Large amounts of DG are used to synthesize PE and PC. The former glycerophospholipid species, PE, is synthesized primarily by the CDP-ethanolamine pathway. It is successively catalyzed by TgEK, TgECT, and TgEPT (Table 1). Among them, TgECT is localized in the cytoplasm, and its conditional knockdown leads to a reduction in PS, PE, and PT [31]. Apart from CDP-ethanolamine pathway, PE can also be obtained by the decarboxylation of PS, which is catalyzed by two phosphatidyl serine decarboxylases (TgPSDs) in PV and mitochondria, respectively (Table 1) [34]. Among them, TgPSD1pv converts PS into PE outside the plasma membrane, which reduces the chances of macrophages killing T. gondii by recognizing PS, as well as expanding the space for tachyzoite replication by accelerating PVM synthesis by utilizing PE [40], whereas another enzyme, TgPSD1mt, converts PS to PE in the mitochondria [40].
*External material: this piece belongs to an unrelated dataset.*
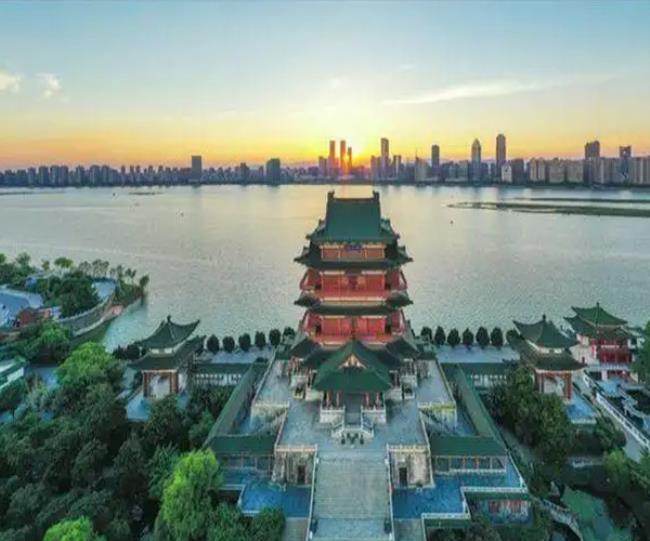 江西省会是哪个城市（江西省会是南昌）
Another DG-derived glycerol phospholipid synthesis pathway, CDP-choline pathway, is initiated by choline kinase (TgCK) (Table 1), which phosphorylates both choline and ethanolamine. Unexpectedly, upon inhibition of TgCK, the mutant strain was not impaired in its growth and even exhibited a normal PC biogenesis [30], reflecting the flexibility and plasticity of PC synthesis in T. gondii. Dimethylethanolamine (Etn(Me)(2)), a choline analog, significantly interferes with the PC metabolism of T. gondii, resulting in abnormal membrane structure formation and markedly inhibiting its growth within host cells [41].
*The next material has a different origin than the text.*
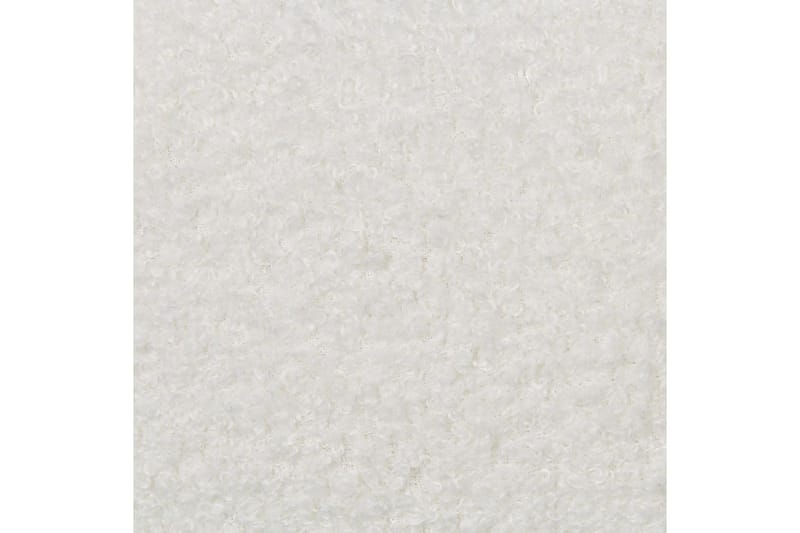 Prydnadskuddar Gladiolus Vit - Vit - Textilier & mattor - Kuddar & plädar - Utomhuskudde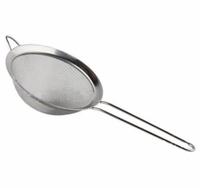 Gambar Saringan Halus Saringan Stainless, Teh, Kopi, Minyak, Tepung Serbaguna - 20 cm dari jaws.acchp undefined 5 Tokopedia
Under the catalysis of TgCDS1, PA involves the synthesis of CDP-DG pools for further production of phospholipids such as PS, PT, PI, and PG [28]. Unlike in humans, T. gondii can obtain serine as well as threonine from the host cells and synthesize them into PS and PT. The distribution of PS across the plasma membrane is important for microneme exocytosis and immune escape from host [33]. T. gondii may have evolved PT as a specialized variant of PS, loss of which depletes calcium stores in tachyzoites and dysregulates calcium release [32]. Unexpectedly, the parasite replication was normal after the genetic disruption of TgPTS (Table 1); however, the egress and invasion processes were inhibited and its virulence was reduced [42], suggesting PS may involve in the calcium flux across the plasma membrane and calcium storage organelles [43].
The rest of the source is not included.